After being on Cape Cod and Nantucket, I have been hearing more about the whaling history of this area. Having time to read, I picked up a couple of books about it--a fictional story about Ahab's wife (The Ahab from Moby Dick) and a non-fiction tale about the whaleship Essex out of Nantucket (a story complete with an angry whale who "stove"--rammed-- a ship and starving shipwrecked sailors who reached a point of desperation where they began to eat their shipmates.


One thing I found intriguing is that Nantucket, the whaling capital of the world in the 1800's, but an island smaller than Camano Island, also had a strong Quaker community living on it. This came about because a highly influental woman on the island was converted by a Quaker when all other missionaries had been rejected and booted off the island.

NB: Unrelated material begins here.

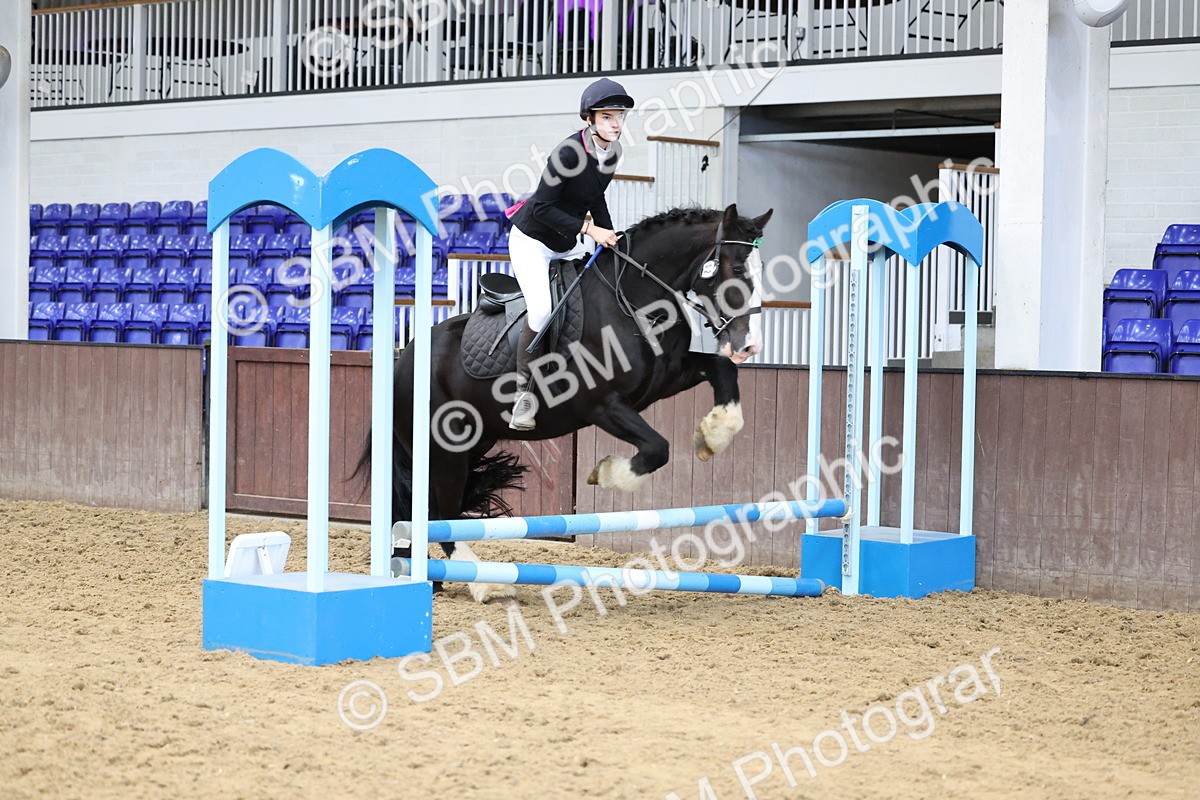 SBM_007305 - Class 2 - 50cm showjumping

When I think about the Quakers, I think most about their pacifism and their abolitionist movement, not the dirty but profitable whaling business. The more I read about whaling, the more it seems like an anomoly. Quiet spoken, plain dressed Quakers on a bloody, stinky, whaling ship where they would not only capture, but kill and process the whale all on the ship's deck? Quakers engaging in cannabalism? One interesting fact is that while other whaling ships would press black sailors on and treat them like slaves, the Quaker whaling ships treated the black sailors as equals, perhaps not total integration, but giving the sailor the same wage as the others. However, it still seems an oxymoron that that these Nantucket Quakers pursued whaling so passionately while making a ton of money on the oil that they produced all the while "Fulfilling the Lord's will" (from In the Heart of the Sea by Nathanial Philbrik). Were they really fulfilling God's will? It's hard to say. For sure, the oil brought in from the Sperm whale was used all over the world to light the lamps of lighthouses, which saved many people from death. However, they also brought a lot of money their way, while also producing many widows and fatherless children. I am in no position to judge the Quakers, as the question I hear being asked of me is, what things to I justify as "The Lord's Will" when in reality, I am pursuing them for my own profit?

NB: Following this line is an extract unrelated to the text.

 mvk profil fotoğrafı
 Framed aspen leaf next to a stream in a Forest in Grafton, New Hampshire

On another note, while in Plymouth we walked around Burial Hill and saw many graves of some of the first Englishmen and women to live in our country. One grave stuck out, that of Adoniram Judson, who is called the "Father of the Baptist Missionary." Not only did he translate the Bible into Burmese, but he spent many years in prison in Burma. This man, while doing the Lord's will, obviously was not in it for his own profit.

3 comments:

Timothy said...

What the heck are you talking about?

jennifer joy staab said...

I'm talking about the real tempation I feel to abandon all to pursue the profitable and greedy whaling business, timothy, I thought I made that pretty clear...

Timothy said...

:)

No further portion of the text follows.